(Excerpts from a dataset)

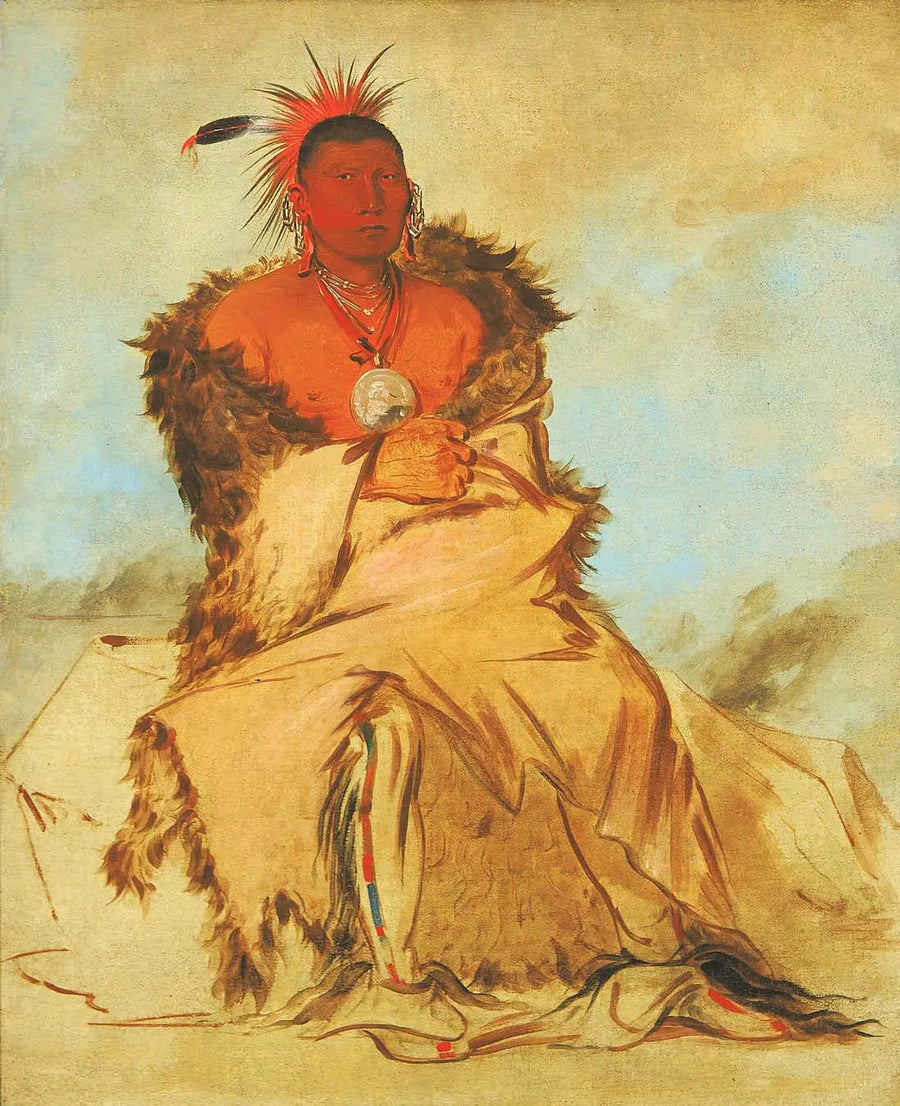 Loo-rá-wée-re-coo, Vogel, der in den Krieg zieht, ein Pawnee-Lärm - George Catlin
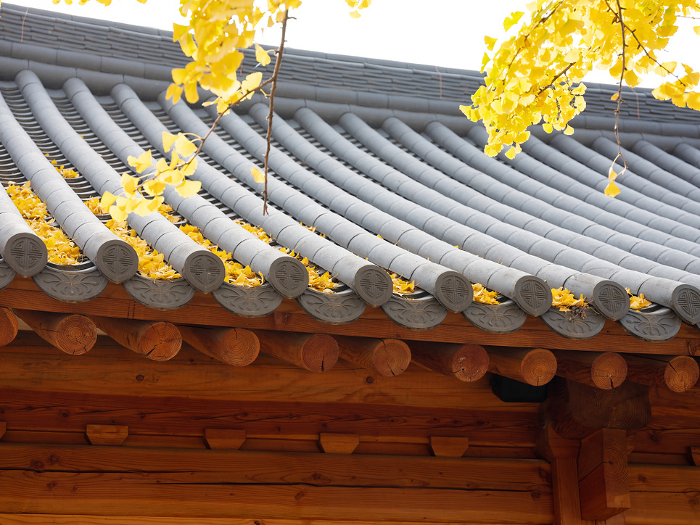 Korean traditional hanok, traditional roof tiles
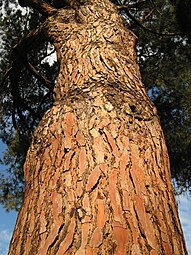 Close-up of the bark's vertical texture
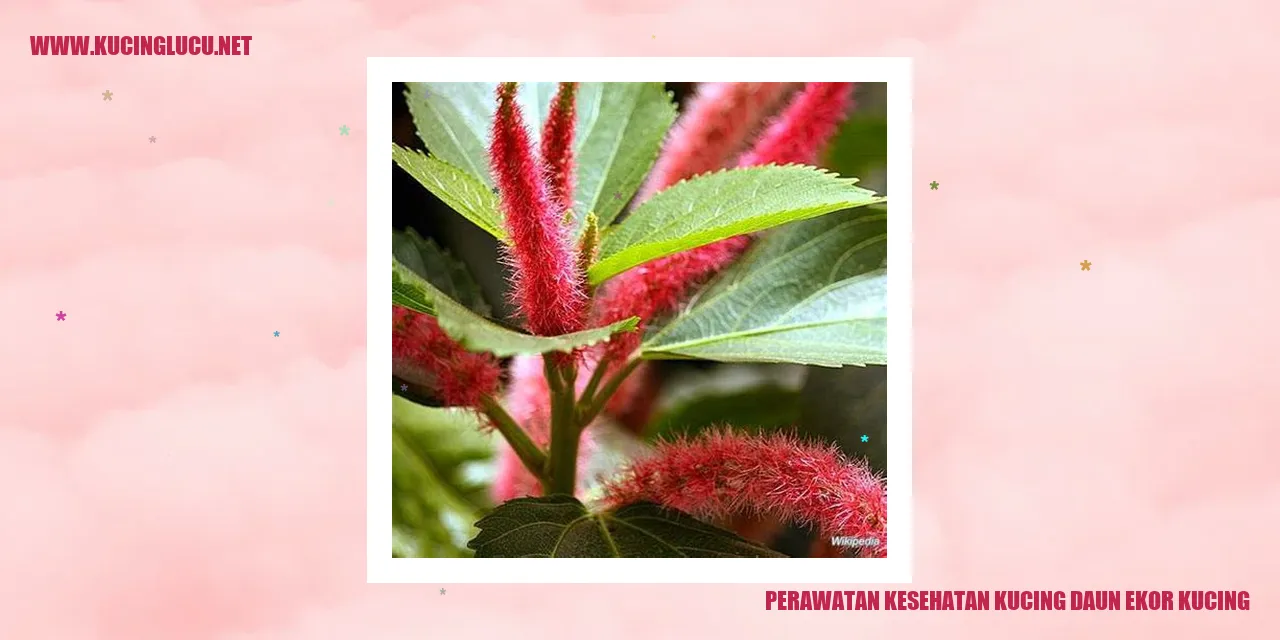 Gambar kucing daun ekor
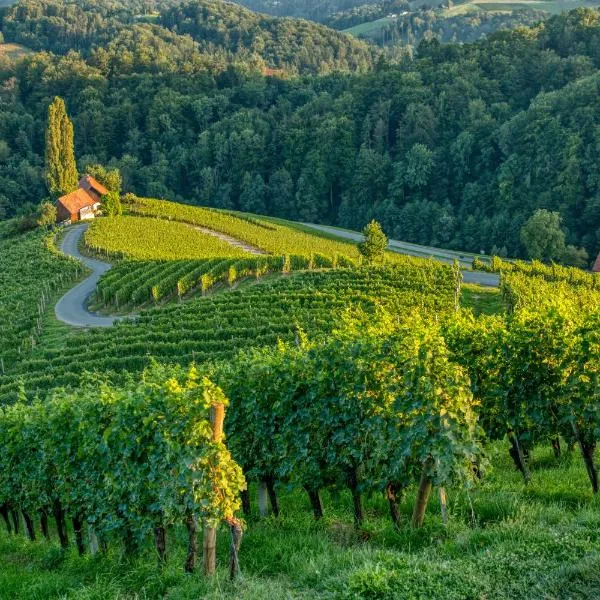 Turistična kmetija Dreisiebner, hotel a Šentilj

EXERCISE DIRECTIONS » Your answer must consist only of the lines from the one containing "Close-up of the bark's vertical texture" through the end of the entries, restated word for word, with no pictures.

RESPONSE BOX »
 Close-up of the bark's vertical texture
 Gambar kucing daun ekor
 Turistična kmetija Dreisiebner, hotel a Šentilj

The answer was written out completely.